Of particular importance, our data showed marked upregulation of the ferritin light chain across all cell types in NZBWF1 mice relative to parental controls. Prior quantitative trait loci mapping identified a QTL associated with the SLE-like phenotype encompassing the Ftl1 locus on chromosome 76,8. Playing a central role in iron uptake and storage40, the ferritin light chain is also a well-known acute phase reactant with important immune signaling actions41. Indeed, the ferritin light chain has been shown to be the primary circulating form of ferritin and mediates many of its immune functions42. Canonically, monocytes are the primary source of ferritin light chains in this context. Indeed, in the setting of autoimmunity, high levels of circulating ferritin are associated with the macrophage activation syndrome43,44. Thus, the marked upregulation across all cell types in this dataset is notable and represents a potentially novel avenue of scientific and therapeutic investigation. Whether ferritin upregulation is a cause of underlying NZBWF1 autoimmune predisposition remains to be elucidated.

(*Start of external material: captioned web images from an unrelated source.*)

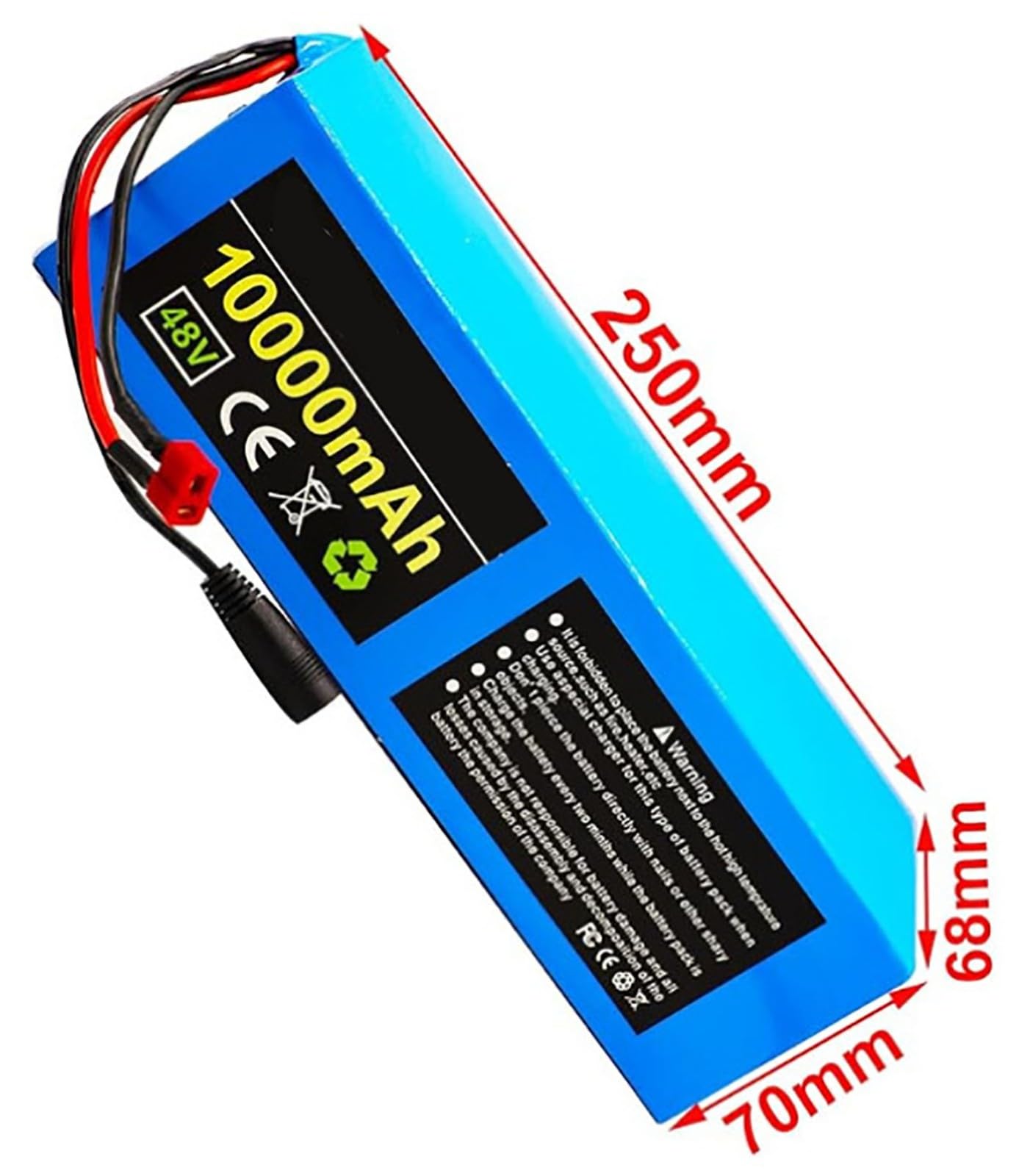 Batteria Ebike 48V 10Ah Batteria Per Bicicletta Elettrica 48V 13S3P Batteria Impermeabile PVC Con Caricabatteria 48V 10Ah,XT60+DC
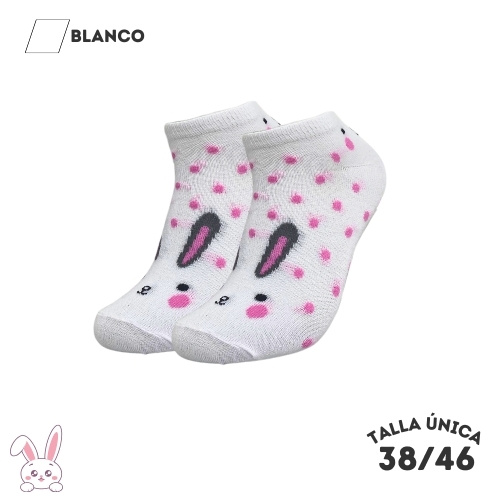 Calcetines Tobilleros Conejos Blanco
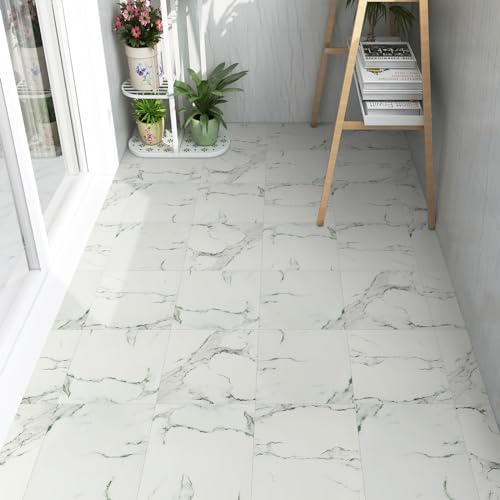 Floor Tiles Self Adhesive Floor Tile Vinyl Flooring Peel and Stick | Waterproof Marble Effect for Bathroom Kitchen Living Room Inner Porch, 30x30cm 1.0mm 38pcs (3.4㎡)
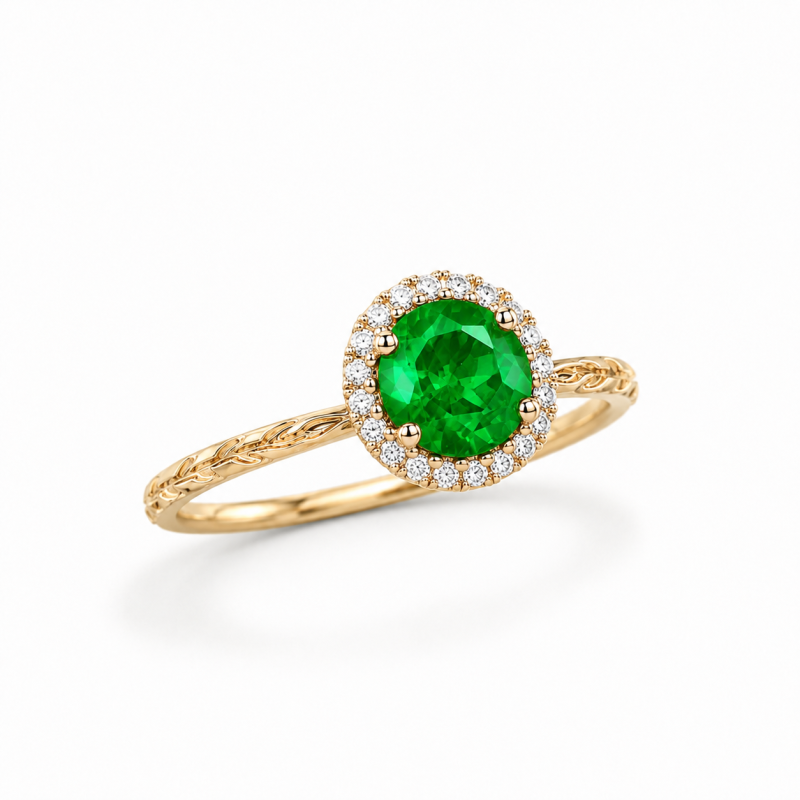 Verlobungsring aus 14-karätigem Gold mit rundem, im Labor gezüchtetem Smaragdschliff (1 bis 6 Karat) und Halo-Fassung (natürlich inspiriert)-5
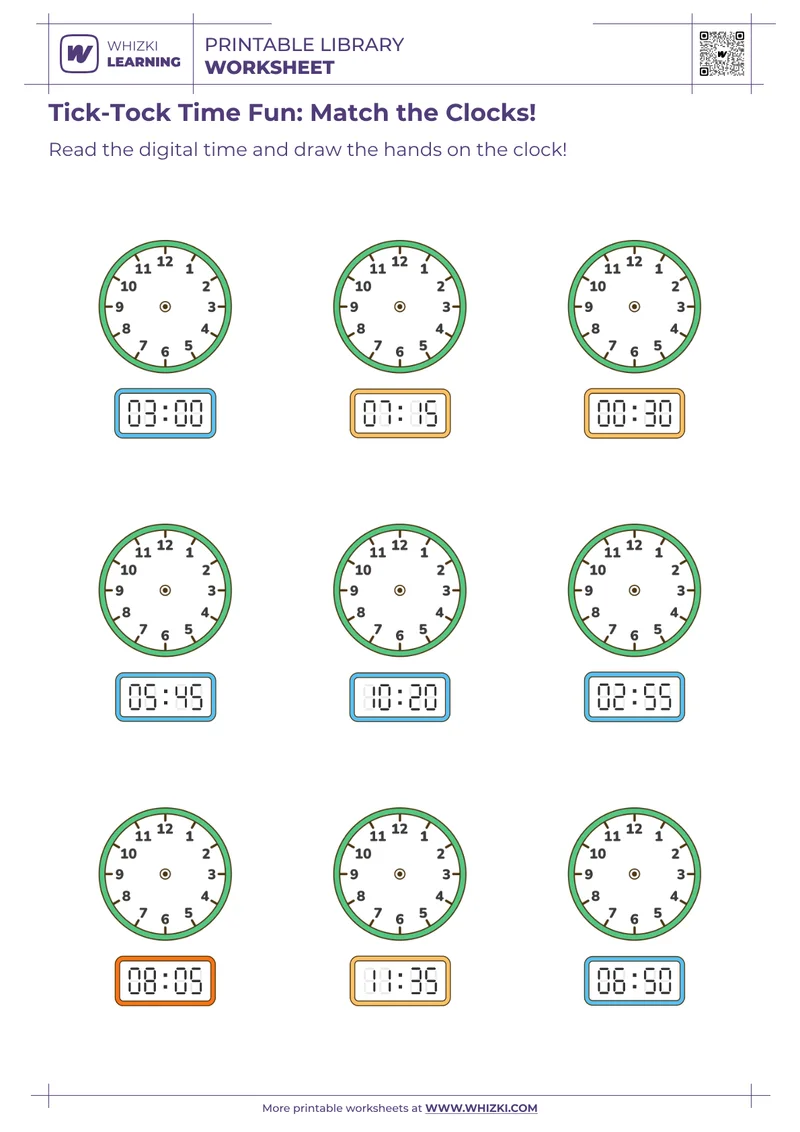 Tick-Tock Time Fun: Match the Clocks!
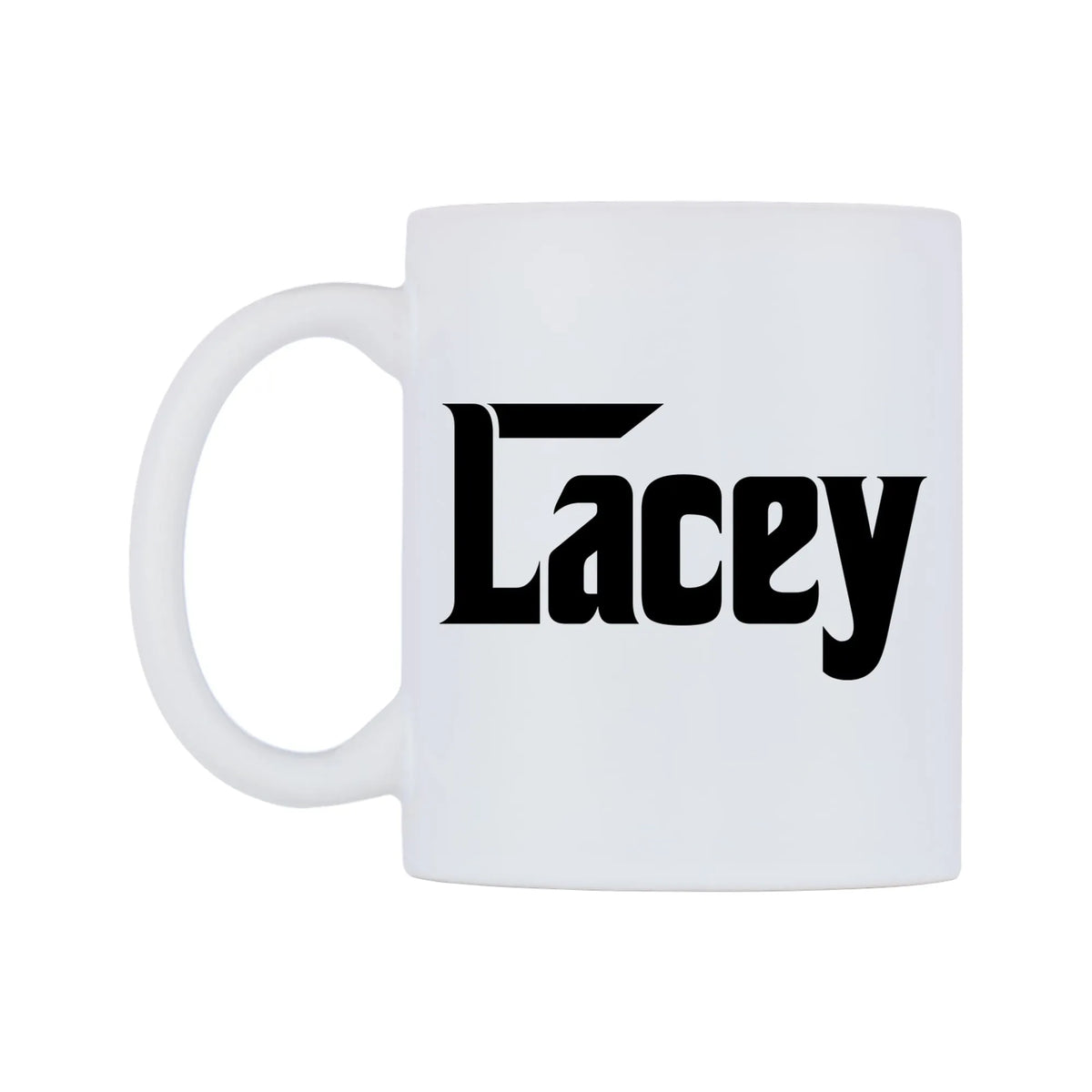 Lacey - Godfather Themed Mug — white 11oz gloss mug, right side, on a white background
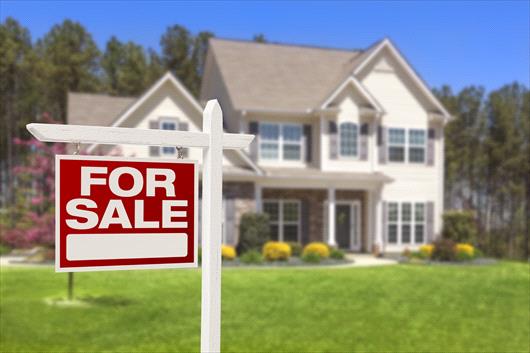 for sale sign on home lawn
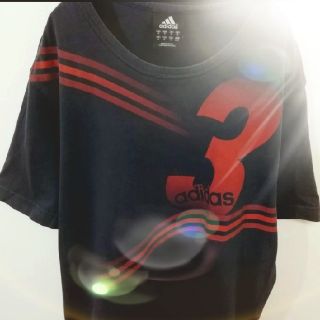 アディダス(adidas)の売り切ります‼️adidas Tシャツ サイズO 3本ライン ビッグロゴ♪(Tシャツ/カットソー(半袖/袖なし))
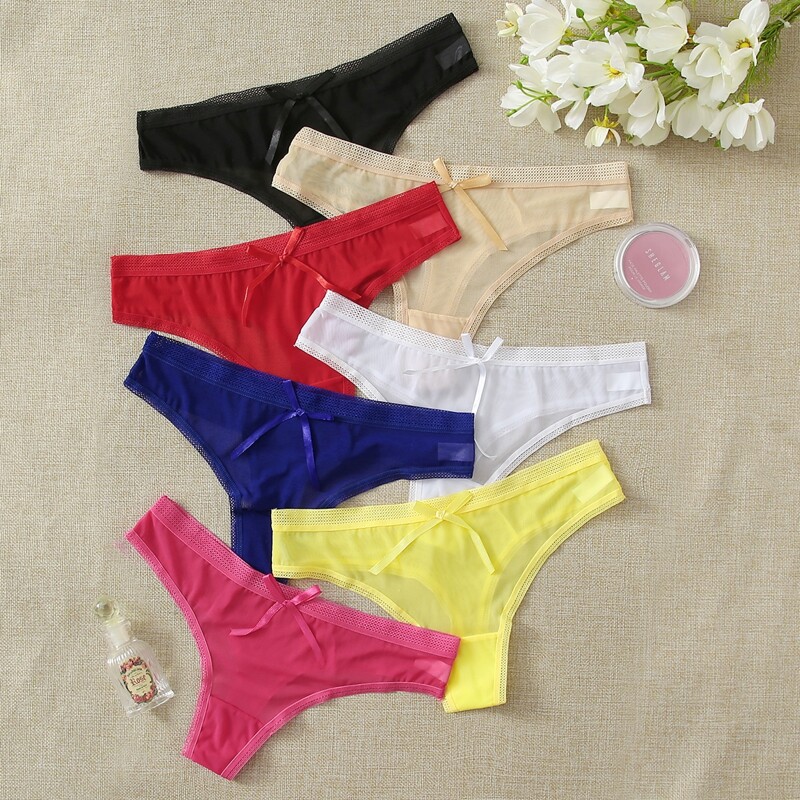 

7pack Bow Decor Mesh Panty Set, Multicolor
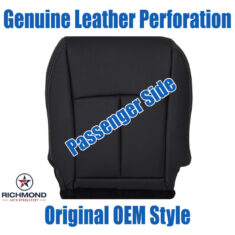 2018-2024 Infiniti Q50 Replacement Leather Seat Cover: Passenger Side Bottom, Black with Genuine Leather Perforation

Several genes of enigmatic function were also identified, suggesting potentially interesting areas of further study. Gm42031 was previously identified in a study of microglial activation. In that study, Wilson et al. identified its downregulation to be associated with neuro-inflammation32. Thus, the current finding of marked upregulation in the NZBWF1 strain in the context of inflammation is intriguing. Further characterization of Gm42031 and its functional impact on immune regulation may be a novel area of investigation.

To our knowledge, this is the first study to leverage single cell RNA sequencing in examining the bone marrow of the NZBWF1 mouse strain. Prior studies in this model have examined single cell transcriptomics in the kidney and lung of affected mice later in the disease course45,46. There, the author’s identified extensive immune cell infiltration and activation, consisting of nearly all major immune cell types. Thus, our study uniquely examines the developmental milieu of these immune cells at an early time point, prior to the development of overt autoimmunity.

Our study has several limitations. First, we examined only a single time point. It is possible earlier time points would have identified more proximate genetic contributors to autoimmune predisposition in the NZBWF1 strain. Similarly, given this cross-sectional design, we cannot establish whether the observed gene expression changes cause autoimmunity. Future studies could examine longitudinal gene expression changes to more comprehensively chart the genetic and transcriptomic landscape of autoimmune development in the NZBWF1. Furthermore, targeted perturbations of the candidate pathways (e.g. ferritin light chain) could provide more insight into their causal role and establish therapeutic candidacy.

Taken together, the current data represent an atlas of hematopoietic phenotype early in the course of disease development of the NZBWF1 mouse. The data are not only consistent with the B cell activation and interferon signaling expected of SLE, but also identify several novel areas of interest, most notably, the ferritin light chain signaling axis. Data sets such as the one from this study may be useful for gaining a better understanding of this devastating disease leading to better therapeutic approaches.